Parker, famous for playing Carrie Bradshaw in “Sex and the City,” is getting a payout of more than $3 million in exchange for her ownership stake in the flailing fashion label — as well as an exit from the remainder of her contract as a Halston designer, The Post has learned.

Meanwhile, Hollywood mogul Weinstein is selling his stake in Halston, which had approached 10 percent, for between $1 million and $1.5 million, as the company finalizes a restructuring of its mounting debt load that could be announced as soon as today, sources said.

Those sums, while tidy by the standards of a struggling fashion brand, are paltry compared with what Parker and Weinstein had hoped to reap by returning Halston to the prominence it enjoyed in the ’70s and ’80s.

Parker, who had been designing a lower-price line called Halston Heritage, is ditching a contract that had entitled her to nearly $10 million over the next 3-½ years, according to one source close to the actress.

“Sarah felt that she has the opportunity to do a lot more with herself, and make a lot more money in the process, if she goes elsewhere,” according to the source, adding, “she was tired of all the conflict.”

Indeed, fashion sources said that Halston has been rocked this year by arguments between Weinstein and executives at Hilco, a Chicago-based liquidation firm that took control of Halston in 2007 in a $25 million buyout.

“There have been a lot of screaming matches,” a Halston insider told The Post. “They really couldn’t agree on too much — the management team, expenses, the company’s structure.”

Reached by phone yesterday, Chief Financial Officer Jeff Green declined to comment.

At the same time, the ranks at Halston’s SoHo headquarters have been devastated.
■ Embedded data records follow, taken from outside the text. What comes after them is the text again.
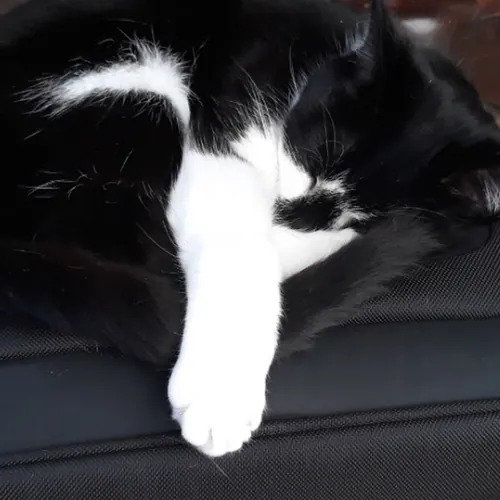 jewelfursuits avatar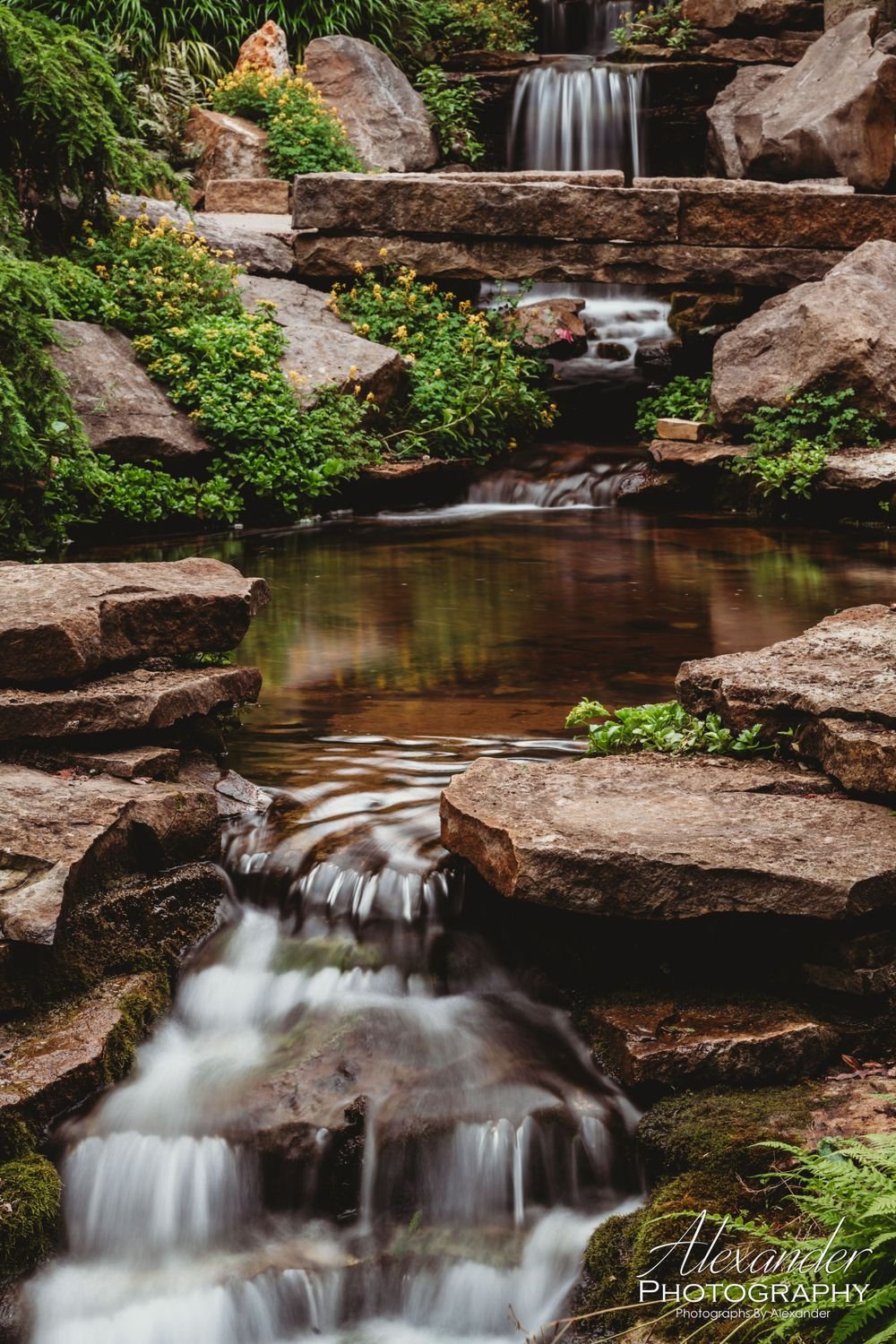 Landscapes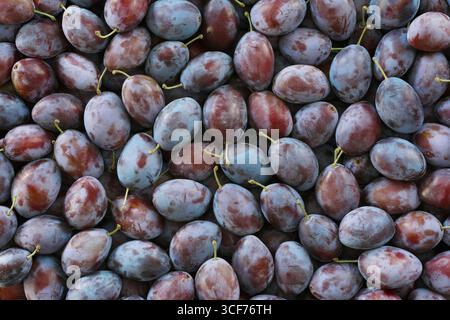 Background image of many of freshly harvested plums Stock Photo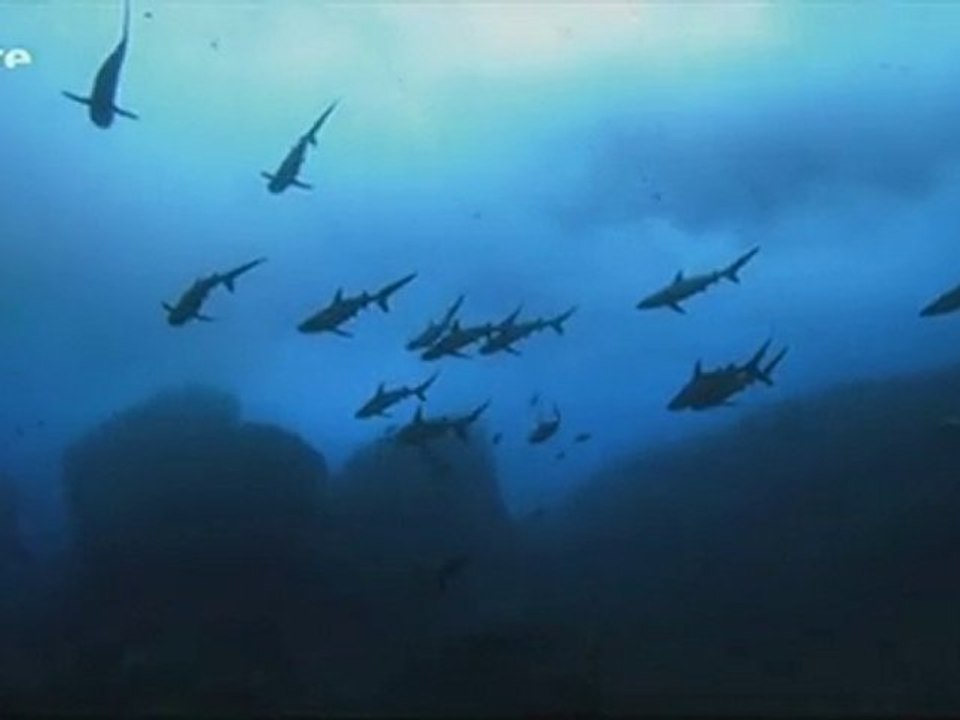 Dans la fosse aux requins 1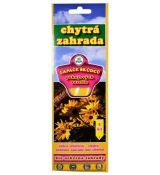 Lapače škůdců pokojových rostlin - 5ks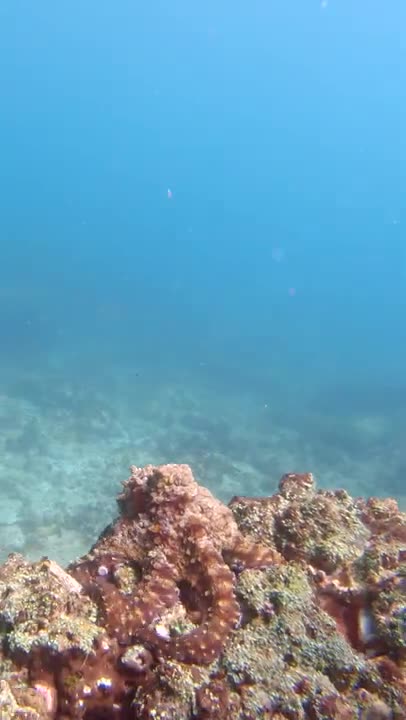 Crazy Octopus Camouflage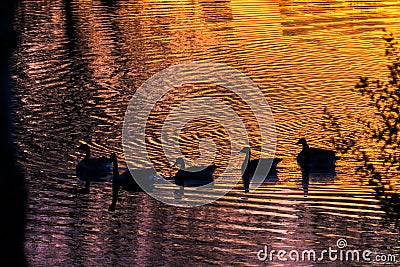 Geese on a Reflective Golden Pond with Ripples on the water Stock Photo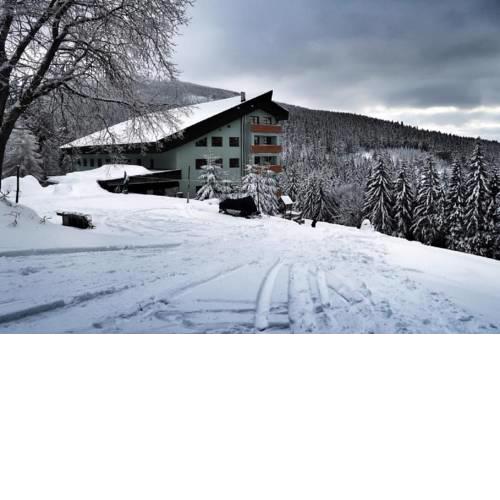 Cihlářka Apartmán 109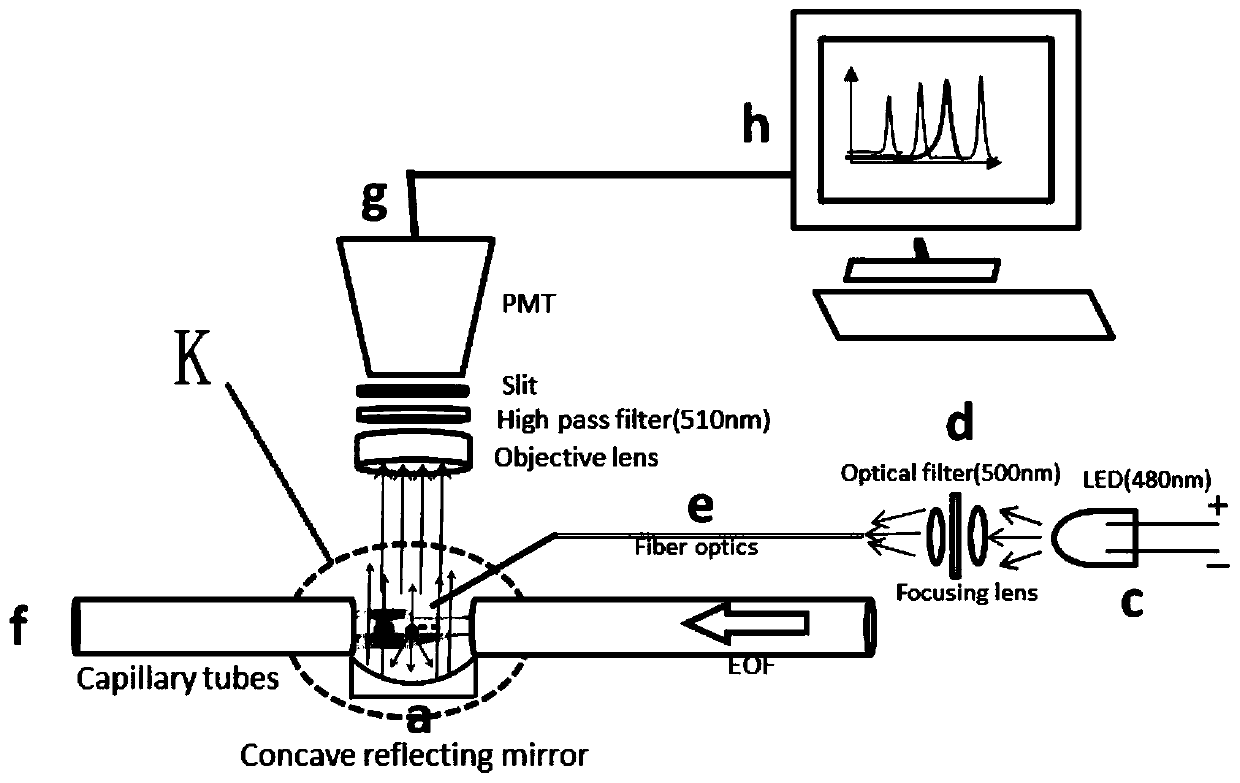 Capillary electrophoresis-enhanced light emitting diode-induced fluorescence detecting system and detecting method thereof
Marios Schwab, the London designer hired in 2009 to produce the company’s top line, has been “MIA for months,” according to one source. And this spring, Halston laid off “pretty much its entire sales team,” according to a SoHo source.

“Basically, this means they’re not selling anything, and they’re really not in business,” the source added. “They’re keeping it going so people believe there’s a body and not a corpse.”

Nevertheless, Halston has attracted interest from big fashion companies including Kellwood, which lately has stalked upscale labels including Catherine Malandrino. Halston also has seen interest from a China-based firm that considered funding a revival of its operations, according to one source.

Hilco itself is also weighing a licensing strategy for Halston as it restructures the label’s finances, sources said.

“I was very interested in pursuing a diversified business model that went beyond entertainment, and my involvement in Halston reflected that,” Weinstein said. “But over the past year or so, I realized that I wanted to concentrate my energies on entertainment.”